Edward Hartopp

Personal information
- Full name: Edward Samuel Evans Hartopp
- Born: 7 September 1820 Thurnby, Leicestershire, England
- Died: 5 October 1894 (aged 74) South Pickenham, Norfolk, England
- Role: Batsman

Domestic team information
- 1841–1842: Cambridge University
- 1842–1852: Marylebone Cricket Club (MCC)
- First-class debut: 13 May 1841 Cambridge University v Cambridge Town Club
- Last First-class: 22 August 1857 Gentlemen of England v Gentlemen of Kent and Sussex

Career statistics
| Competition | First-class |
| Matches | 69 |
| Runs scored | 442 |
| Batting average | 4.25 |
| 100s/50s | –/– |
| Top score | 22 |
| Balls bowled | unknown |
| Wickets | 1 |
| Bowling average | unknown |
| 5 wickets in innings | – |
| 10 wickets in match | – |
| Best bowling | 1/? |
| Catches/stumpings | 16/– |
- Source: CricketArchive, 4 June 2014

= Edward Hartopp (cricketer) =

English cricketer

Edward Samuel Evans Hartopp (7 September 1820 – 5 October 1894) was an English first-class cricketer who played for Cambridge University, Nottinghamshire and several amateur cricket teams between 1841 and 1857. He was born at Thurnby, Leicestershire and died at Pickenham Hall, near Swaffham, Norfolk.

==Cricket career==
Hartopp appeared in several matches for Cambridge University in both 1841 and 1842, including, in each of these seasons, the University Match against Oxford University. In his Cambridge games, he batted regularly at the tail-end of the batting order, and he does not appear to have bowled or kept wicket. From 1842 onwards, he started playing for Marylebone Cricket Club and he made 36 appearances for that team over the next 10 years; he also played in 1843 for Nottinghamshire and a team representing the Midland Counties, and he started appearing also for "Gentlemen of England" teams of amateurs which played various county sides or other amateur combinations. In 1851, he appeared for the Gentlemen in the annual match against the Players at Lord's.

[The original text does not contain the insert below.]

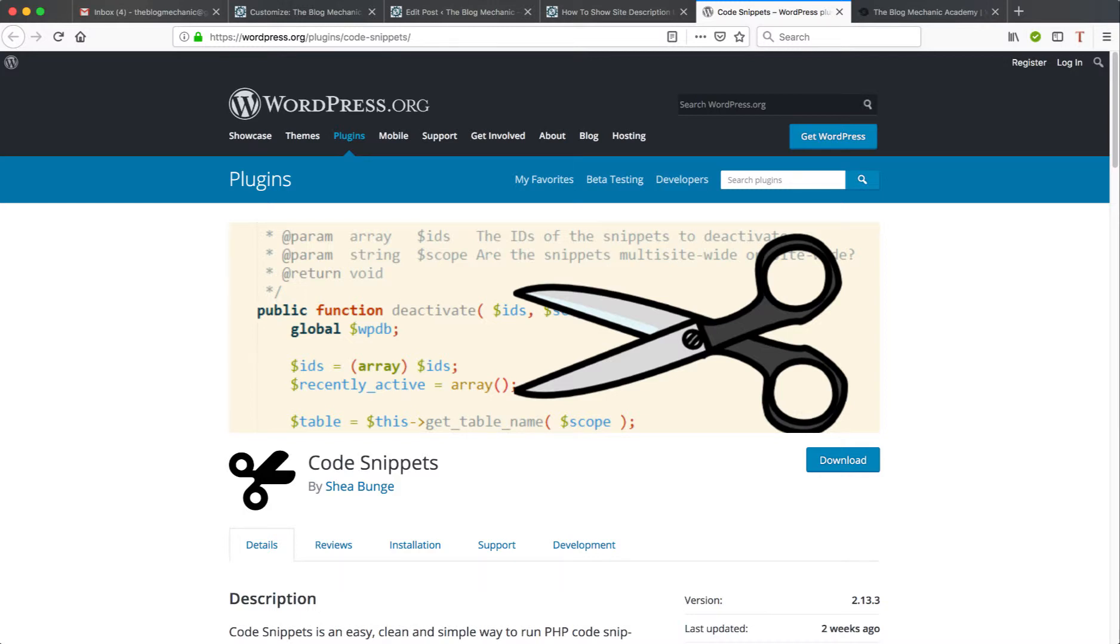Hi, Kerry Russell here from the Blog Mechanic.com. In this short video tutorial, I'm going to show you how to safely add code snippets to the functions PHP file without breaking your WordPress blog.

In 1844 and 1845 Hartopp played in 11 first-class matches in each season; a leading cricketer of the period, such as Alfred Mynn, played in a very similar number of major matches. Yet Hartopp remained a singularly unsuccessful cricketer, usually batting at the tail-end and bowling only twice in his career, and his career batting average over 69 first-class matches is just 4.25. His highest score in 120 first-class innings was 22, made in one of his occasional forays to the top of the batting order in an MCC match against Oxford University in 1846 in which the whole team had been dismissed for 24 in the first innings. From 1853 to 1857, he played in only one match per season, with none at all in 1855; in those four games, he batted seven times, and a score of 2 in his final innings in 1857 ended a succession of six ducks.

==Career outside cricket==
Hartopp was educated at Eton College and at Trinity College, Cambridge. He is described as "of Clipsham Hall, Rutland", but his second marriage was to the daughter of the owner of Pickenham Hall in Norfolk, where he died in 1894. At the time of his death, he was the auditor for the Marylebone Cricket Club's accounts.